Around here they say you belong to your land. 

The smells, the flavours; they let you know you’re home.

The Basque Country is a place where life in general, and in particular cycling, is to be celebrated. It’s not unusual to ride through a quiet village and, on passing a group of children, find them running alongside clapping and shouting “¡Aupa Indurain!”.

San Sebastian – Donostia in the Basque language – is a picture postcard city filled with tradition, beaches, and generous gastronomy; rainy in autumn, friendly in summer.

Today, the menú del día is a 150km route

Which promises to reveal the charms of a region that tends to hide more than it shows – but when it does so, it is of unparallelled appeal.

Leaving the ocean behind, we pass Tolosa, a town famous for its bean dishes and its week-long Carnaval, then the villages of Legorreta, Itsasondo (its name, despite being some 40km inland, means ‘deep sea’) and the town of Beasain, and we begin the ascent of Gabiria, the first puerto of the day and a welcome stretch of the legs after the preceding flat river-valley kilometers, ideal for cycling holidays. Settling into an easy rhythm, we climb through verdant farm and forestry land, the smell of felled pine heavy in the air.

Over the top, and on to a more challenging climb and one of the day’s highlights, Mandubia – a staple in the Tour of the Basque Country, and a classic amongst the cycling aficionados of the Basque Highlands where the sport takes on an almost religious significance – and to whose slopes they come to test their legs and their times.

The smell and taste of the ocean again beckon from around the next curve.

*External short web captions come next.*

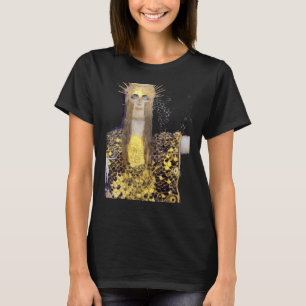 Gustav Klimt Kleding Klimt Pallas Athena Goth T T-shirt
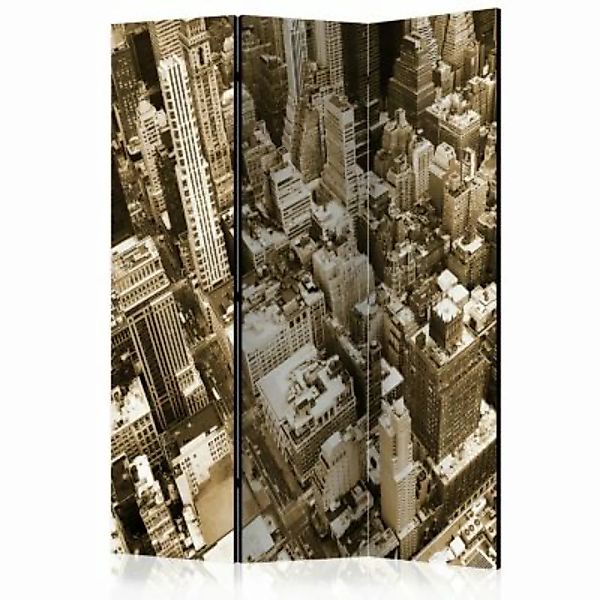 artgeist Paravent New York, Manhattan [Room Dividers] sand Gr. 135 x 172 günstig online kaufen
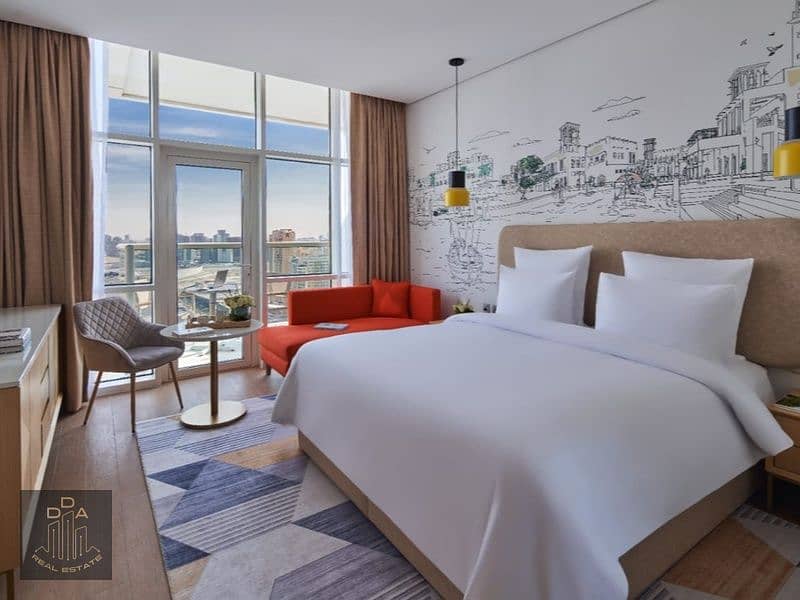 FURNISHED | HIGH FLOOR | READY |PARKING INCLUDED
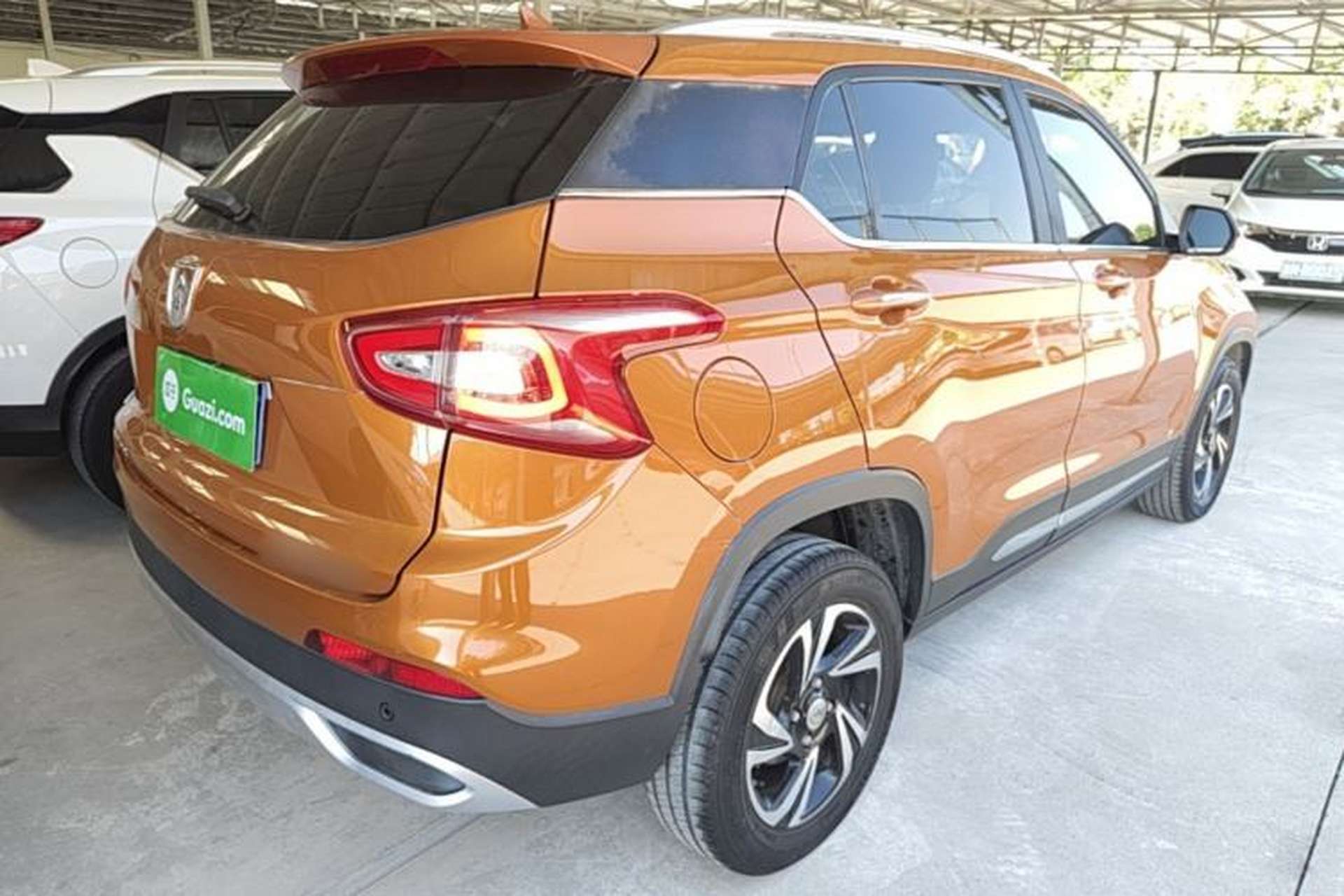 Used Baojun 510 2017 1.5L Manual Luxury Model Rear Right 45 Deg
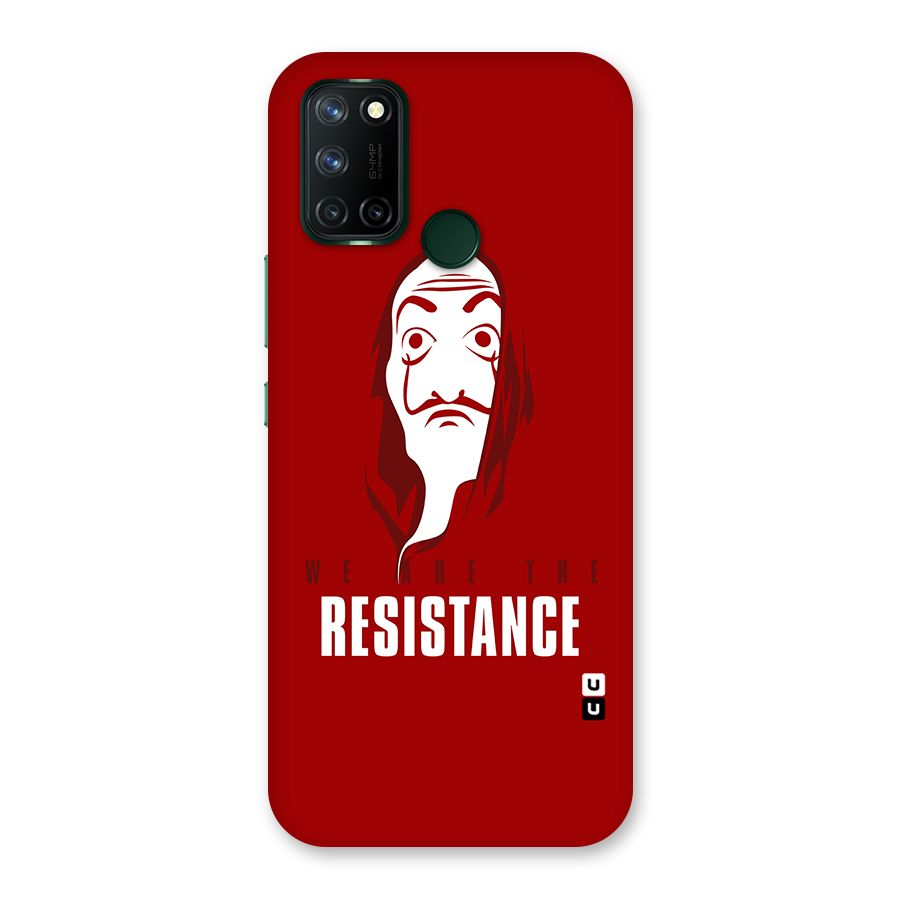 We Are Resistance Back Case for Realme 7i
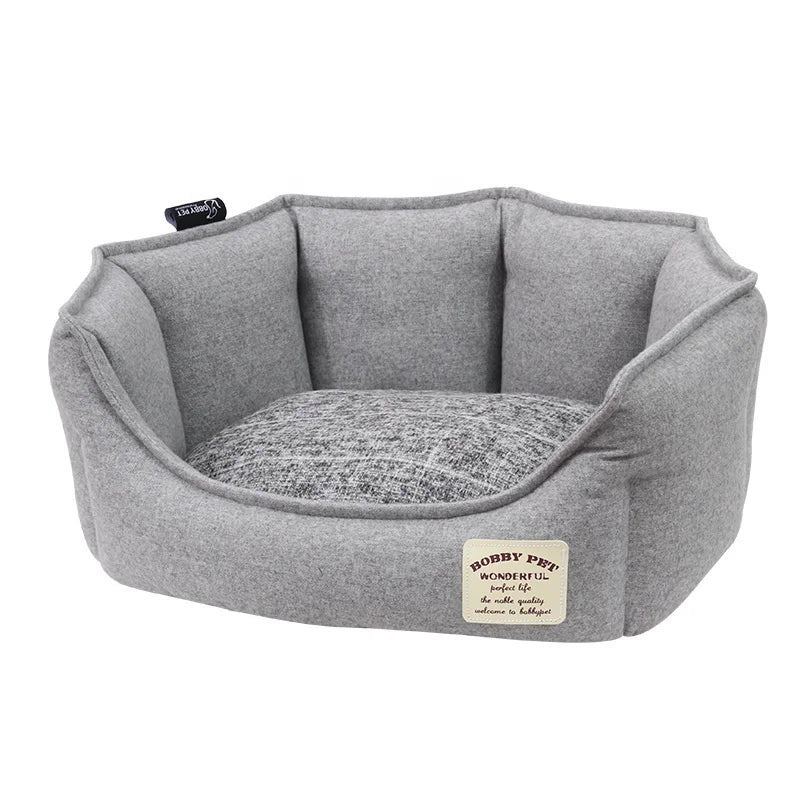 Oval Calming Bed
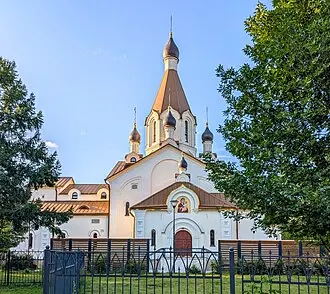 Храм иконы Божьей Матери «Неопалимая Купина» (Москва)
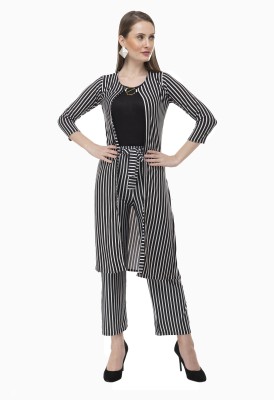 NEYSA Striped Women Jumpsuit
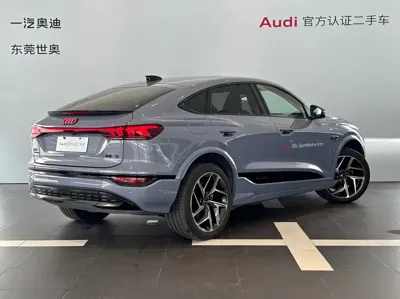 Audi 奥迪Q6L Sportback e-tron 2025, 10000 км, за 246800 CNY - фото 5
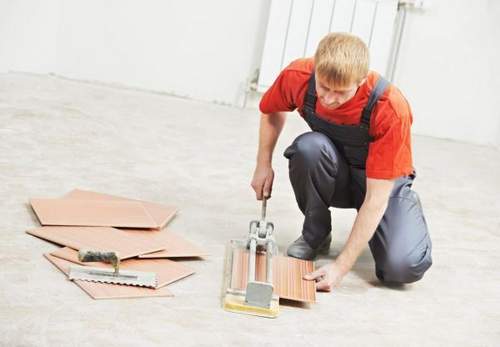 how to cut a tile if there is no tile cutter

The twisting, shaded descent through the forests of Bidania excites and charms in equal measure, and after a pause to regroup at the bottom, something urges us to do one more climb before returning home and we head to Regil. Ascending easily, enjoying the vistas opening up to the valley bottom as we pass the village from which the puerto takes its name, the road begins to make sharp hairpin turns reminiscent of those in the Alps, each one a reassuring step closer to the summit.

Cresting the top, the land falls away to the coast and, although never glimpsed, the smell and taste of the ocean again beckon from around the next curve.